┌─ SUPPLIED MATERIAL

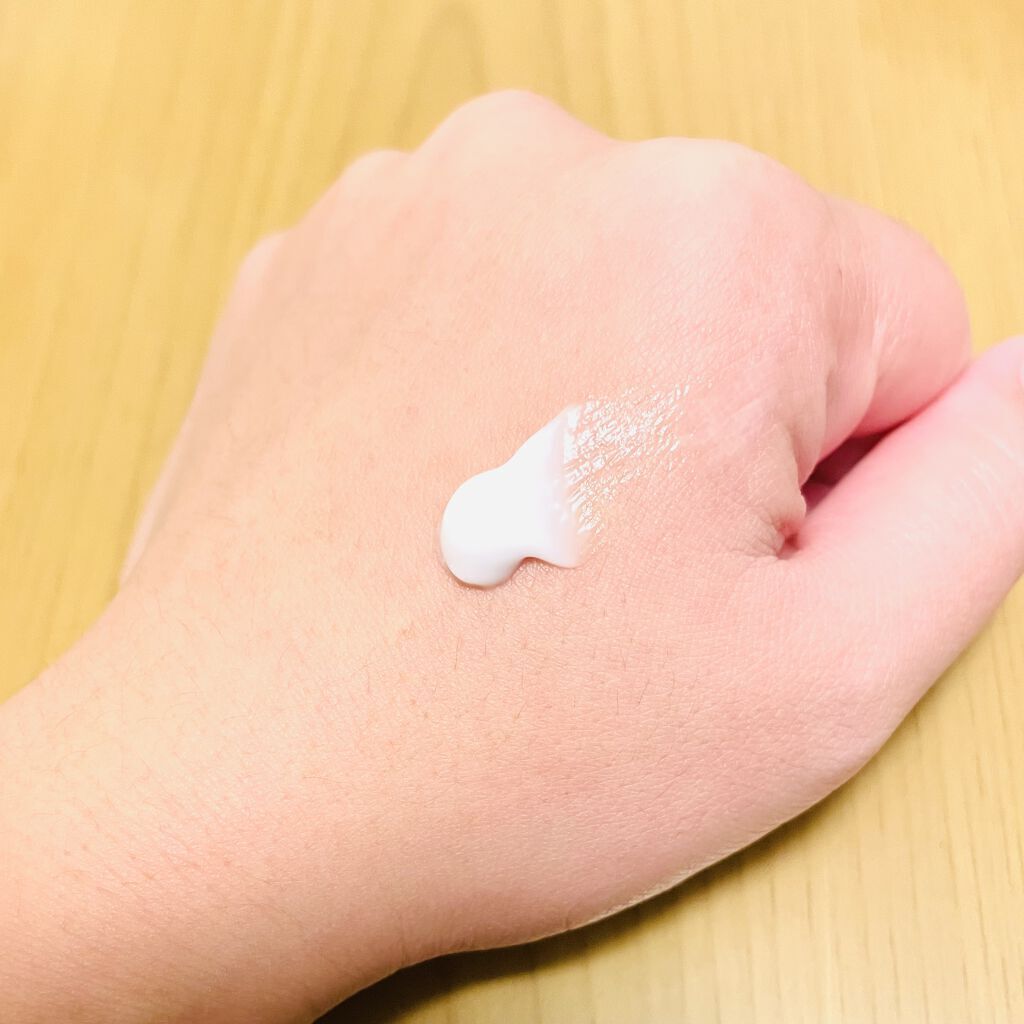 シカ メソッド クリーム/コジット/フェイスクリームを使ったクチコミ（3枚目）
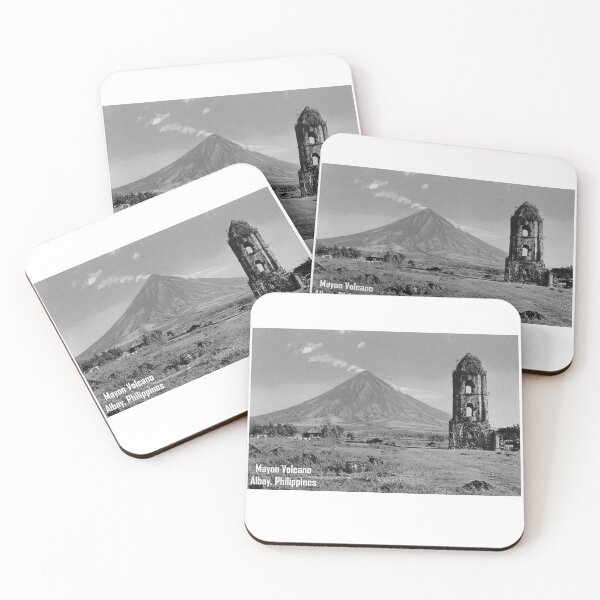 Item preview, Mayon Volcano Albay, Philippines designed and sold by Aqua Victoria.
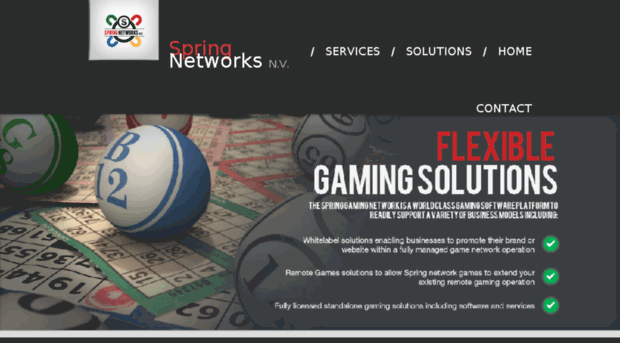 springgaming.com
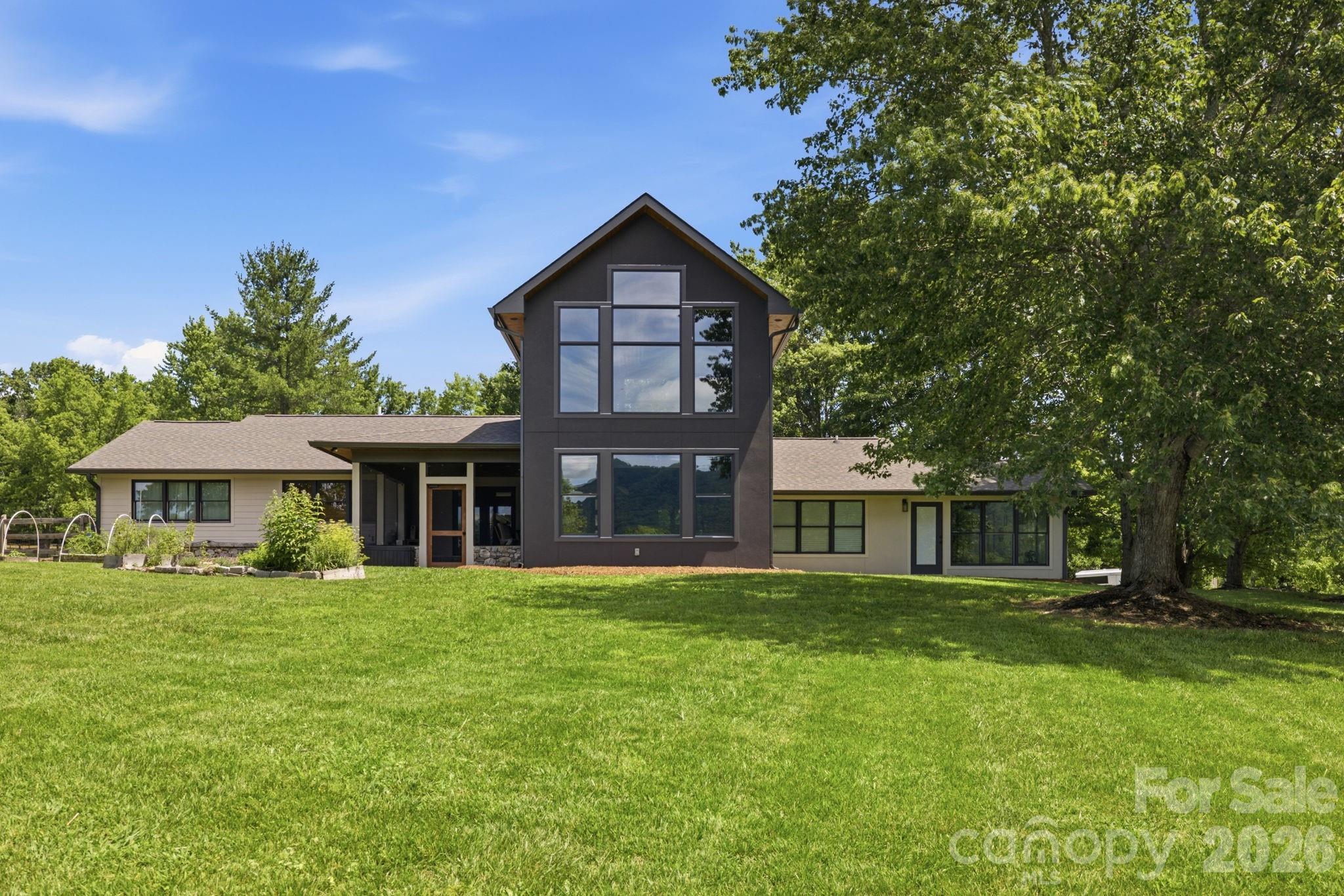 114 Cane Creek Ranch Drive — Fletcher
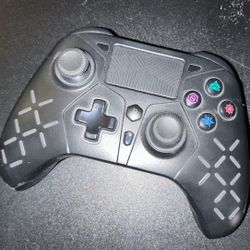 Generic Controller for PS4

└─

PROBLEM REQUIREMENTS
Transcribe all the lines above exactly, apart from the pictures.

EXPECTED ANSWER
 シカ メソッド クリーム/コジット/フェイスクリームを使ったクチコミ（3枚目）
 Item preview, Mayon Volcano Albay, Philippines designed and sold by Aqua Victoria.
 springgaming.com
 114 Cane Creek Ranch Drive — Fletcher
 Generic Controller for PS4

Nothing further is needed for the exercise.